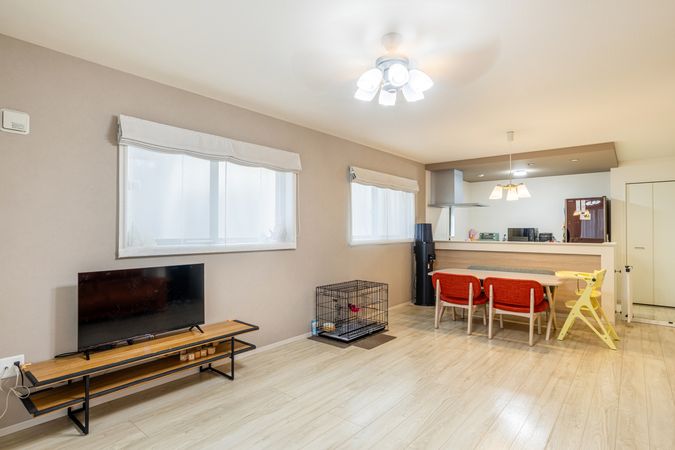 藤沢市亀井野3丁目 戸建 リビング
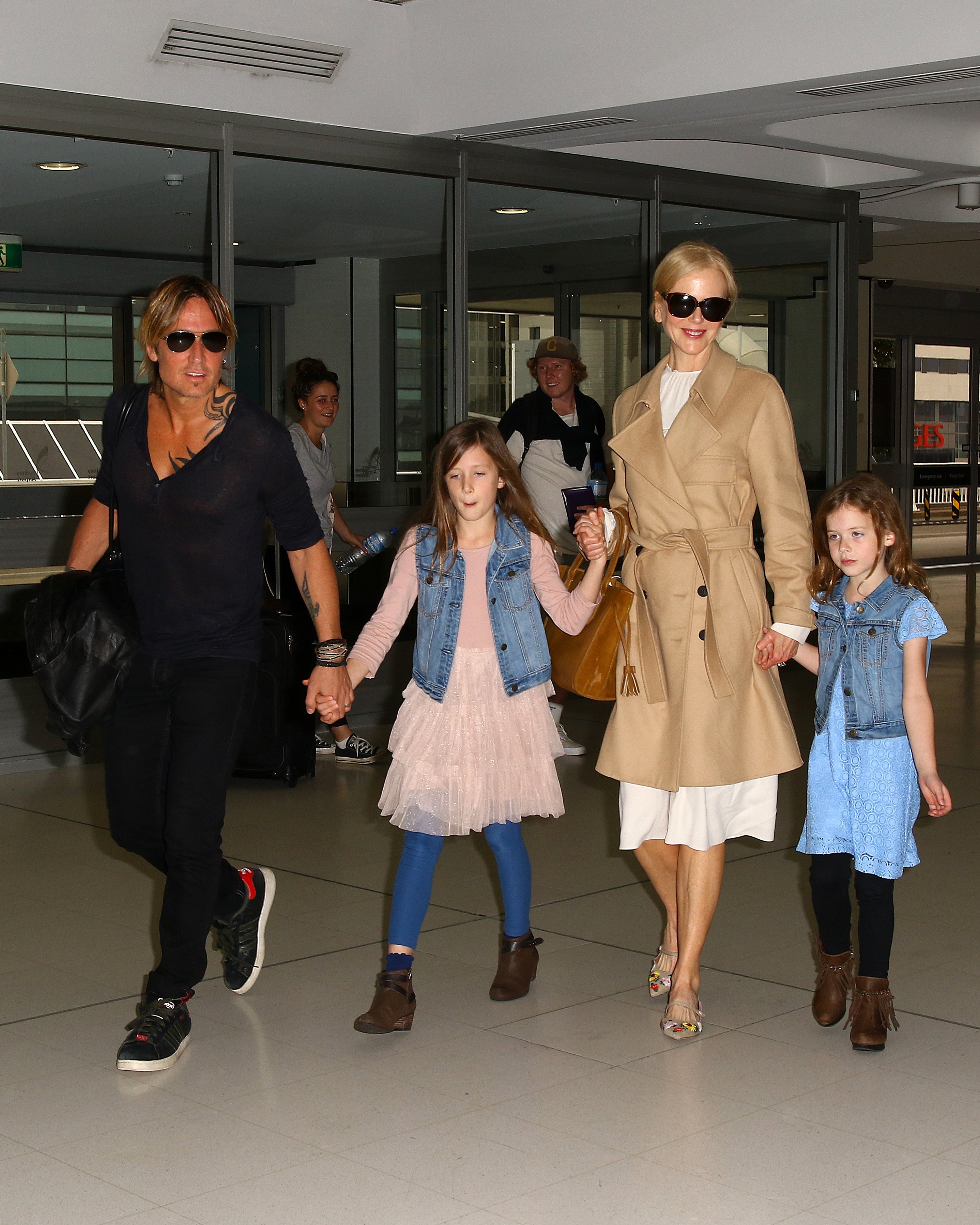 Keith Urban y Nicole Kidman en el aeropuerto de Sydney con sus hijas Faith Margaret y Sunday Rose el 28 de marzo de 2017, en Sydney, Australia. | Foto: Getty Images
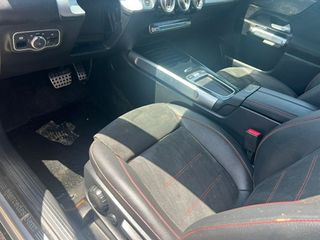 Mercedes-Benz GLB  !! inundado !!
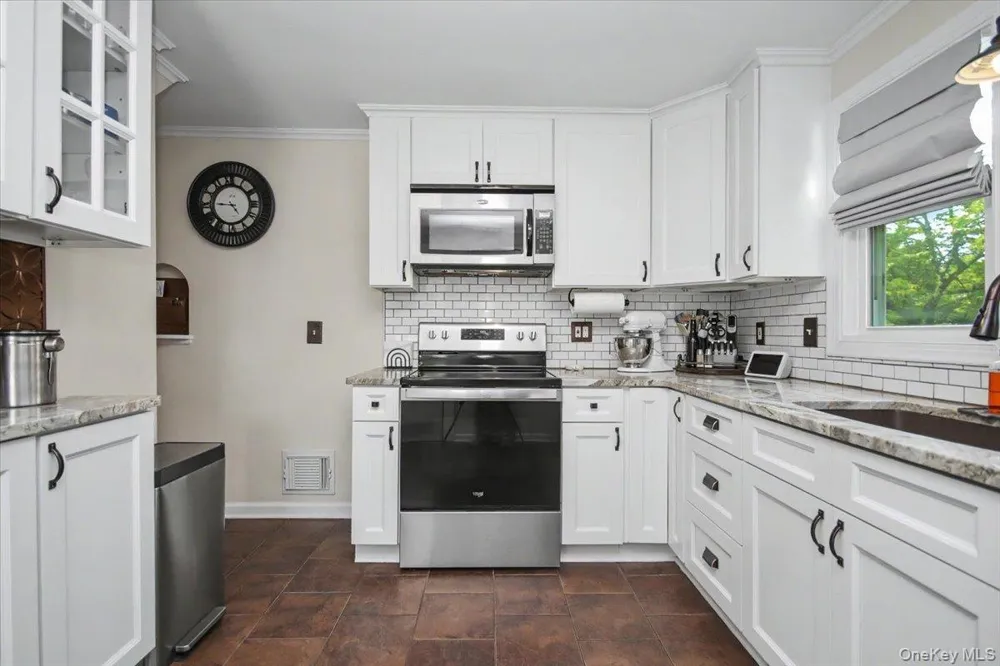 9 Mansion Drive Hyde Park, NY 12538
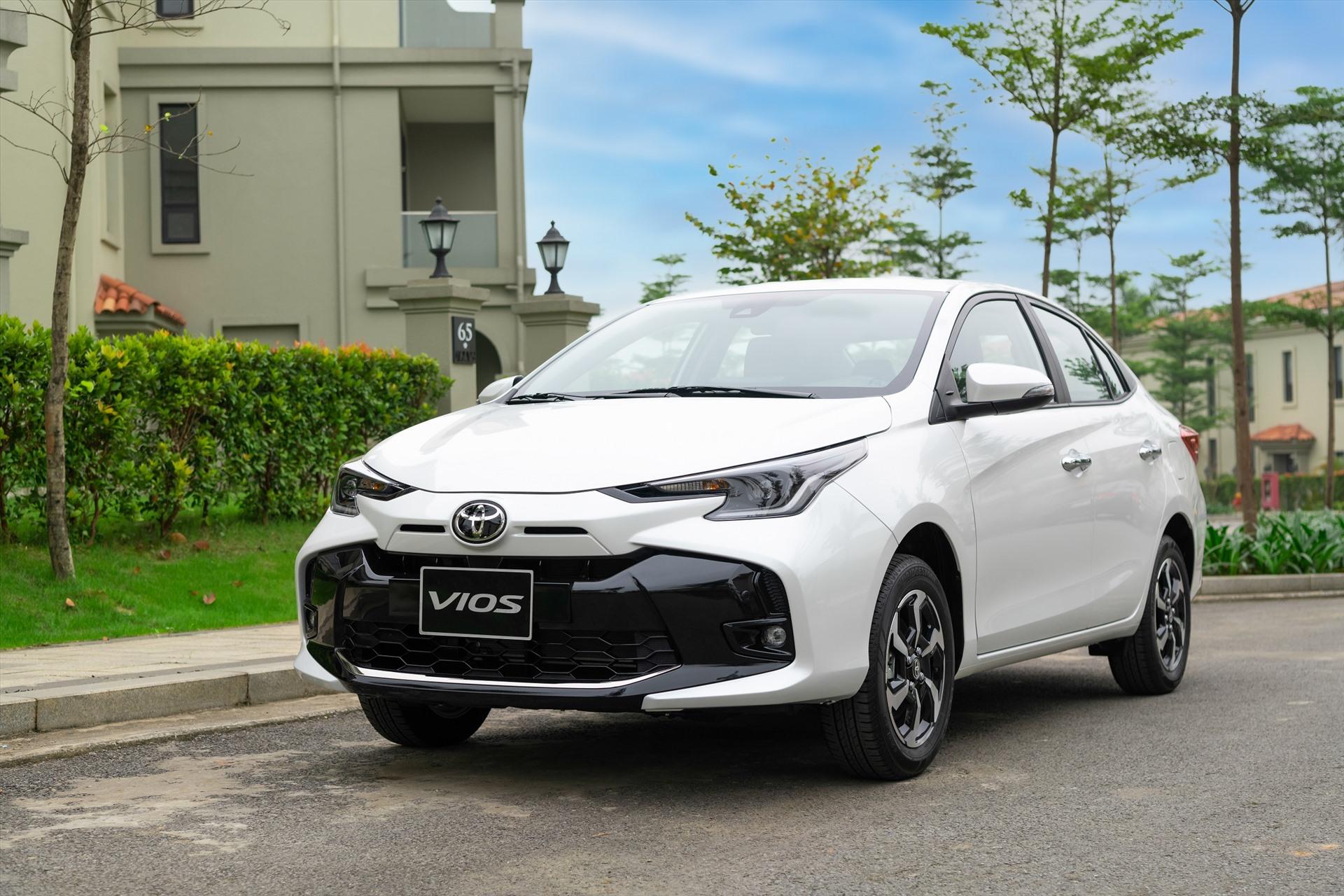 Mẫu xe bán chạy nhất tháng 6.2023 chính là “cựu vương” Toyota Vios sau nhiều tháng sụt giảm doanh số. Trong tháng 6 này, Toyota Vios bán được 1.949 xe. Bỏ xa các đối thủ cùng phân khúc xe hạng B, đặc biệt Vios bán hơn Hyundai Accent đến 410 xe. Các tháng trước đó, Toyota Vios chỉ bán được hơn 500 xe và chỉ đứng ở vị trí thứ 3 trong phân khúc sedan hạng B. Ảnh: TVN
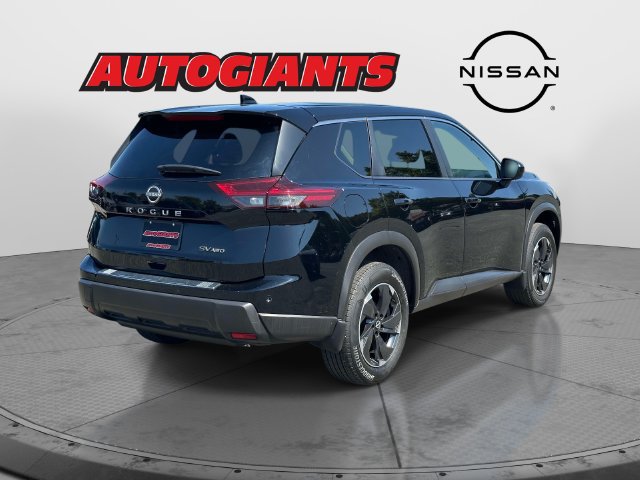 Used 2024 Nissan Rogue SV AWD/4WD image 4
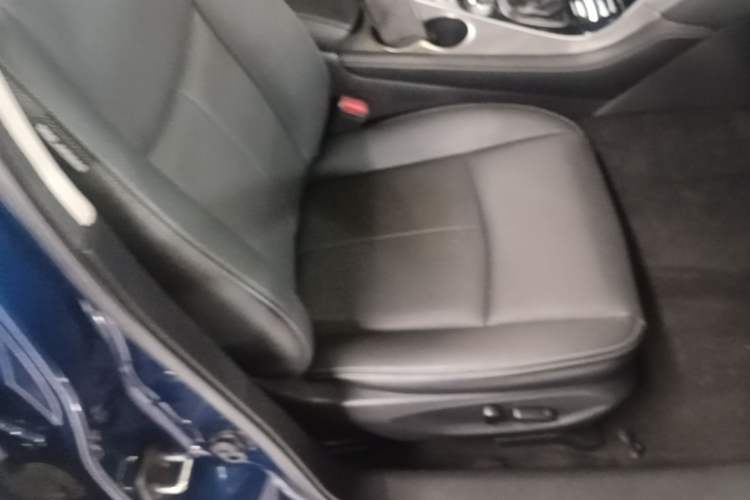 Used Infiniti Q50L 2016 2.0T Enjoyment Edition Right Front Seat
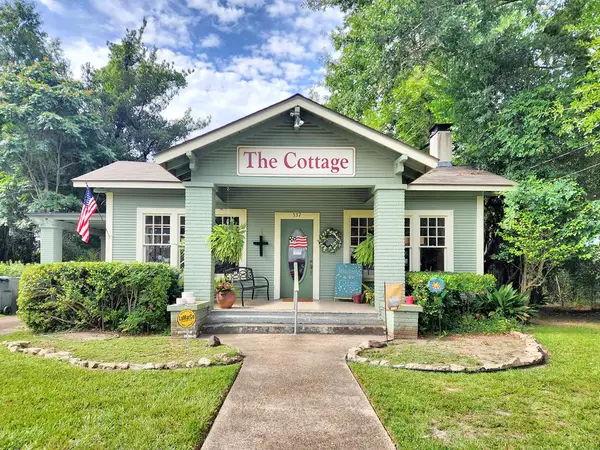 337 College Street, Jasper, TX 75951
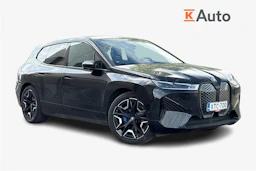 musta BMW iX 2023 kuva 1.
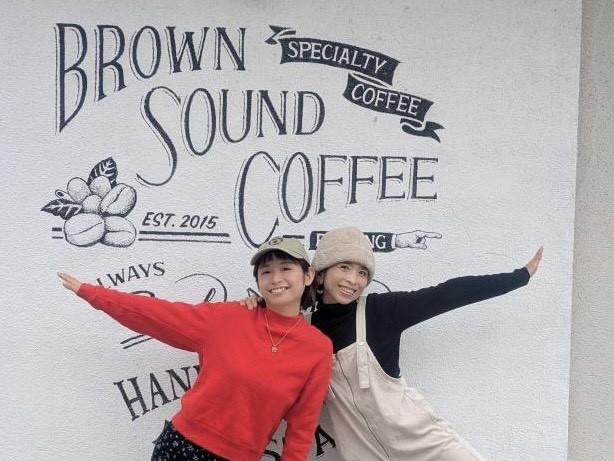 ブラウンサウンドコーヒー息才さん（左）とアコナコーヒーの茅島さん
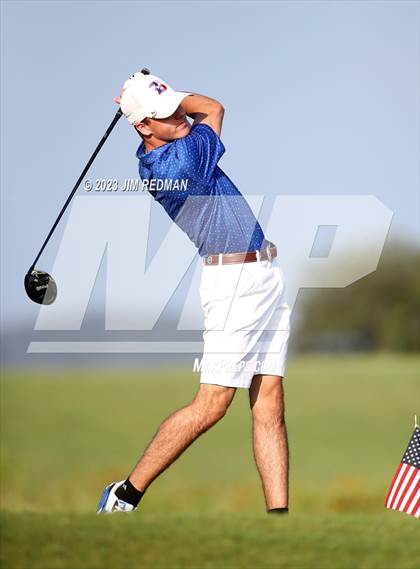 Thumbnail 2 in UIL 4A Boys Golf Finals photogallery.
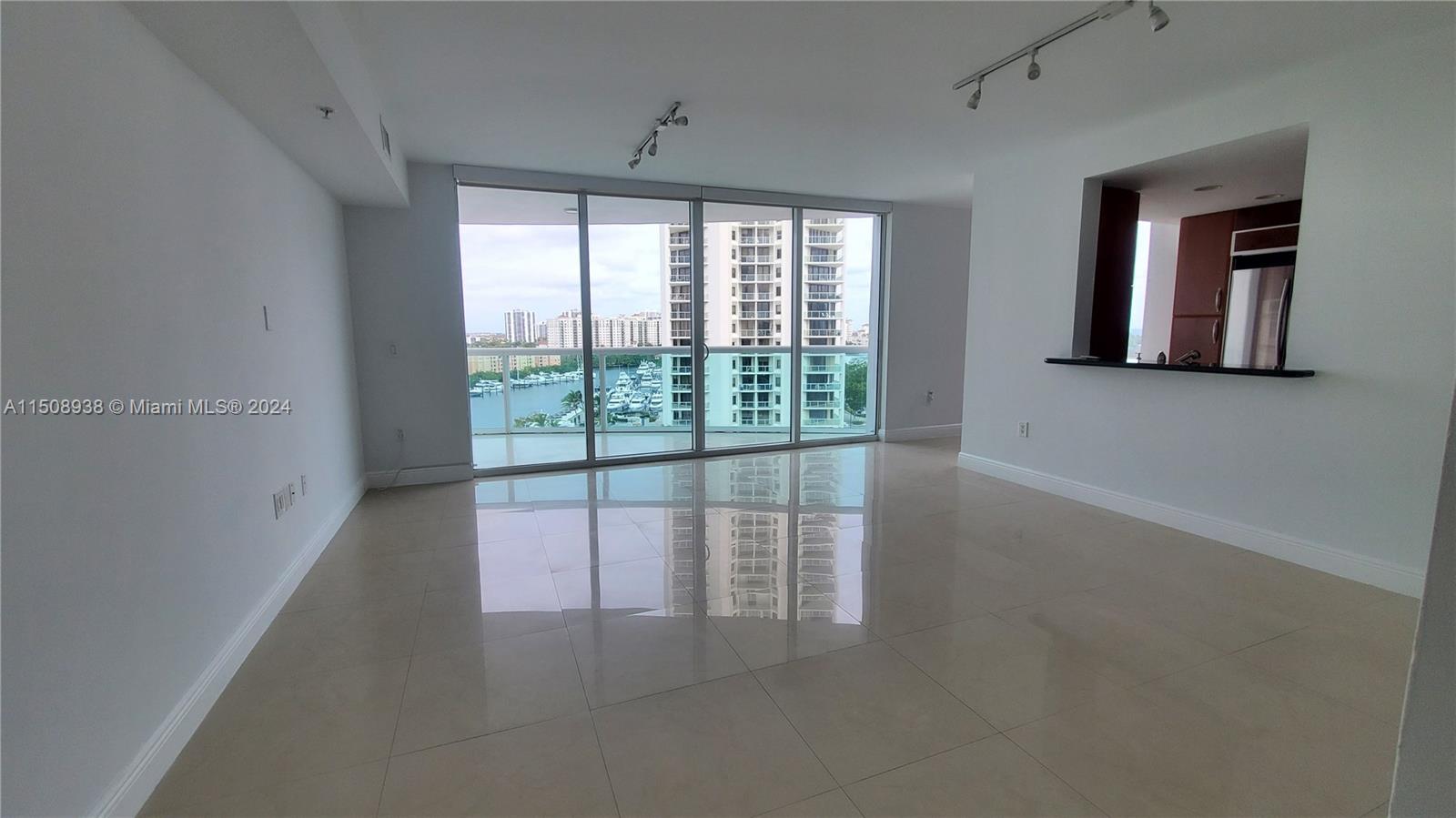 19400 Turnberry Way 932, Aventura, Florida 33180, 2 Bedrooms Bedrooms, ,3 BathroomsBathrooms,Residentiallease,For Rent,19400 Turnberry Way 932,A11508938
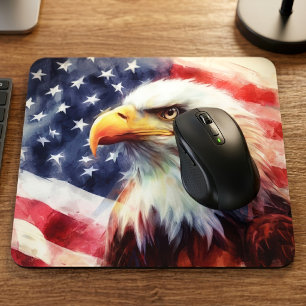 Majestätiges Weißkopfseeadler-Porträt mit amerikan Mousepad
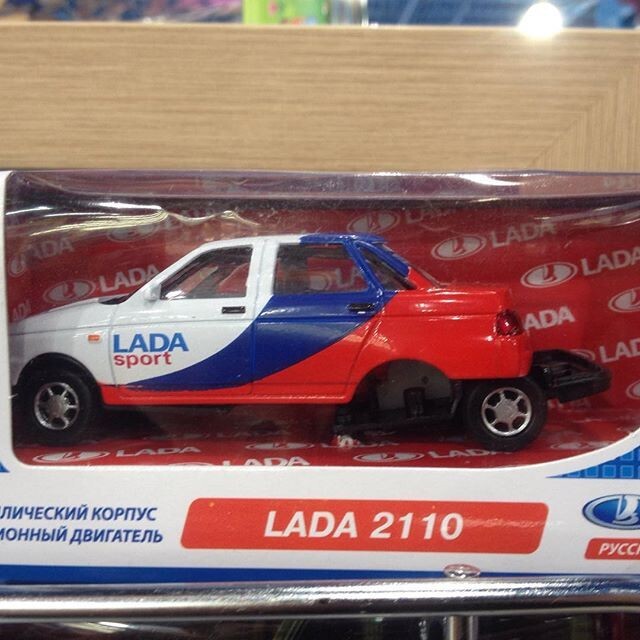 Даже на фабриках игрушек точно знают, как должен выглядеть новый русский автомобиль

:::

What you are asked to do: All lines from the one containing "musta BMW iX 2023 kuva 1." through the end of the entries, both ends included, should be written out exactly, with no pictures.

Reply to the task:
 musta BMW iX 2023 kuva 1.
 ブラウンサウンドコーヒー息才さん（左）とアコナコーヒーの茅島さん
 Thumbnail 2 in UIL 4A Boys Golf Finals photogallery.
 19400 Turnberry Way 932, Aventura, Florida 33180, 2 Bedrooms Bedrooms, ,3 BathroomsBathrooms,Residentiallease,For Rent,19400 Turnberry Way 932,A11508938
 Majestätiges Weißkopfseeadler-Porträt mit amerikan Mousepad
 Даже на фабриках игрушек точно знают, как должен выглядеть новый русский автомобиль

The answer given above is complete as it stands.